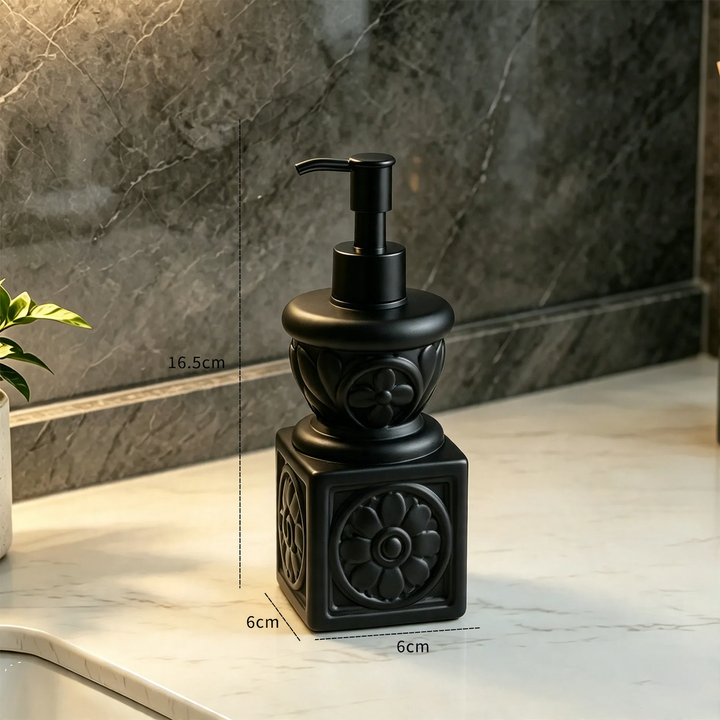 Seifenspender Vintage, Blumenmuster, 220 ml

==

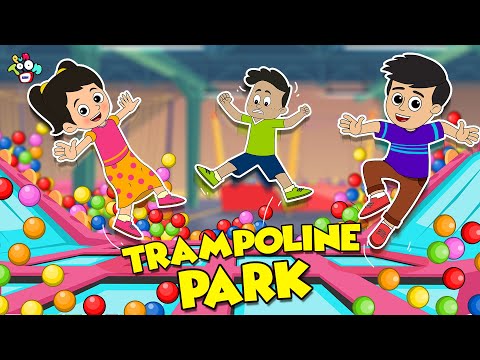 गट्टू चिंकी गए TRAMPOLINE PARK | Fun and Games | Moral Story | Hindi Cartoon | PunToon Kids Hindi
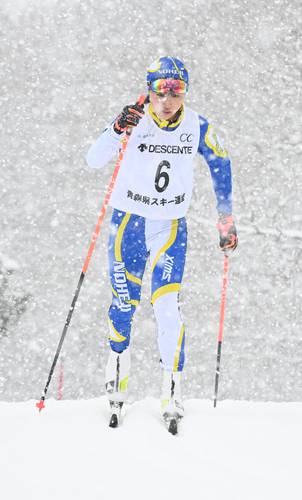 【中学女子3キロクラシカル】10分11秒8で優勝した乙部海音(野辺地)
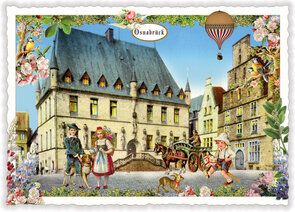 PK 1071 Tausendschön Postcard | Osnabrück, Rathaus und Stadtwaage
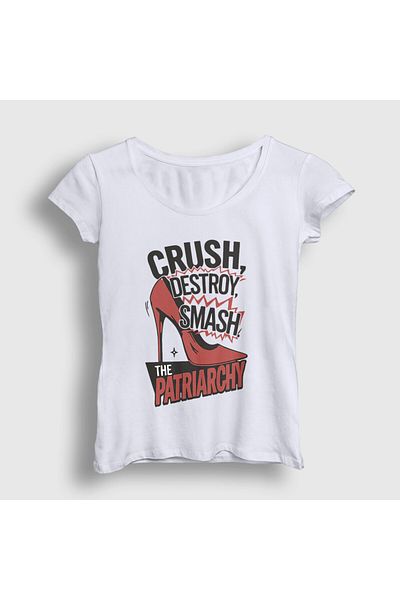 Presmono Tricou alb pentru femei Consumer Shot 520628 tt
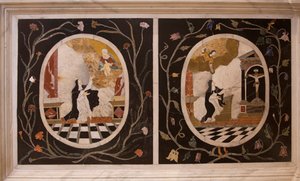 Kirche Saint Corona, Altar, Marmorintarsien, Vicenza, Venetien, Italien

Work required:
Please copy the lines above exactly, starting at the line that holds "Presmono Tricou alb" and ending at the line that holds "Vicenza, Venetien, Italien"; include both, but no pictures.

Exercise answer:
 Presmono Tricou alb pentru femei Consumer Shot 520628 tt
 Kirche Saint Corona, Altar, Marmorintarsien, Vicenza, Venetien, Italien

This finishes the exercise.